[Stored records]

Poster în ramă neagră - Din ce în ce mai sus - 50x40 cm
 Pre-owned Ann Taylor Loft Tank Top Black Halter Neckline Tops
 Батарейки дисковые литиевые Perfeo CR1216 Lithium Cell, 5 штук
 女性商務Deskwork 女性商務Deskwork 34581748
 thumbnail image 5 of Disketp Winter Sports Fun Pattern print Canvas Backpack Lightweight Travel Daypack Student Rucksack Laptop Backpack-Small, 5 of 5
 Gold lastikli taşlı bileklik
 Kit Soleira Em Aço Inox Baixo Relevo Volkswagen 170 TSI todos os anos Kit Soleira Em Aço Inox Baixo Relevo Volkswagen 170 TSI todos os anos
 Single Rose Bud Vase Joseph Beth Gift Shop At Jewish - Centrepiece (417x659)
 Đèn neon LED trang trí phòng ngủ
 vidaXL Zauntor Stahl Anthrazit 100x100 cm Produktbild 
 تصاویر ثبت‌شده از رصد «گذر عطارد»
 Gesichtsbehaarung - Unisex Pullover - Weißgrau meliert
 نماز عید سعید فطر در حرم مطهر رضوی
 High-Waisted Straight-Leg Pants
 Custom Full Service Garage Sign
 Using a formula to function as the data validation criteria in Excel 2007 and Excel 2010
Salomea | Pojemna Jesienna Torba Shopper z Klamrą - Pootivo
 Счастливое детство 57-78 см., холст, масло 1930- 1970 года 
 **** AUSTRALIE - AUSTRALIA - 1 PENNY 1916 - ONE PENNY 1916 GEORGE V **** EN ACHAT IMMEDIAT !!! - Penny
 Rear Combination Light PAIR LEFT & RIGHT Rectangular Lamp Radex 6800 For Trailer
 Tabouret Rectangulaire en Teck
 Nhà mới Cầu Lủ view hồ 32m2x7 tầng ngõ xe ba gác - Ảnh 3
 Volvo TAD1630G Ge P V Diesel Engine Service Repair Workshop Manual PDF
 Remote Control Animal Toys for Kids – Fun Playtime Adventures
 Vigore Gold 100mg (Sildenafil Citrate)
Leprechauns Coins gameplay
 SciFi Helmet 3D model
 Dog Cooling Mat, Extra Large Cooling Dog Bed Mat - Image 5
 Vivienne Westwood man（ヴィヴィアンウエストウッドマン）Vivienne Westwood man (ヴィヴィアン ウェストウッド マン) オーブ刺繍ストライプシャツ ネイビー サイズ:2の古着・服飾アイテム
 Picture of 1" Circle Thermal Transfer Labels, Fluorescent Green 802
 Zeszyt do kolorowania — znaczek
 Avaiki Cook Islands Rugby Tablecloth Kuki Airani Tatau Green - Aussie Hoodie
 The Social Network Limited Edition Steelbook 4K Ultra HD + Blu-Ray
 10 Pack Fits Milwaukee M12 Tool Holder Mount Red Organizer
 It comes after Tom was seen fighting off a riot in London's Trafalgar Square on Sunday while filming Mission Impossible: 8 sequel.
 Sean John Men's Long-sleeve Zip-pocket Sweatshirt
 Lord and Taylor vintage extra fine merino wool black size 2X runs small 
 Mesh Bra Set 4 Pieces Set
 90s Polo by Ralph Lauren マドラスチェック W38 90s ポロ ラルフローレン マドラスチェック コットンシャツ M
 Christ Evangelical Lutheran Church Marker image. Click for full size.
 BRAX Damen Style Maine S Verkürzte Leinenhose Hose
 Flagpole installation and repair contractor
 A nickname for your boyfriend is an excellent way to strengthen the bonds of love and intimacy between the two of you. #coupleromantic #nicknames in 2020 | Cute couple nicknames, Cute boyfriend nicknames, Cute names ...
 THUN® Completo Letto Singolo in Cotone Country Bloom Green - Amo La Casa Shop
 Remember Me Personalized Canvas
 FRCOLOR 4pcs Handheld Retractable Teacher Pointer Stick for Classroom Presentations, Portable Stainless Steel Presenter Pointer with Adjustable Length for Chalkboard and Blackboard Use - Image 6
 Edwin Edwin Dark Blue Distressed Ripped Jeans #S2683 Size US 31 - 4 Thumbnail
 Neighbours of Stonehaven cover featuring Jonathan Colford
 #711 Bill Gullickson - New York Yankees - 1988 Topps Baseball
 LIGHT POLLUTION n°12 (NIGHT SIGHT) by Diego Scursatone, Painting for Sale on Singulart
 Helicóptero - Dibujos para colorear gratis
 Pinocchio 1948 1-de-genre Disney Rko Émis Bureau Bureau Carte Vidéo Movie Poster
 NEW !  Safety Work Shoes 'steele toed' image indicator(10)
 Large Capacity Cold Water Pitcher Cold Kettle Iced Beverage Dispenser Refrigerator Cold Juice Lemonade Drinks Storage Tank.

*Instructions for the task*: Look through the entries above and report each line where the string "Gold" occurs.

*Solution*:
 Gold lastikli taşlı bileklik
 Vigore Gold 100mg (Sildenafil Citrate)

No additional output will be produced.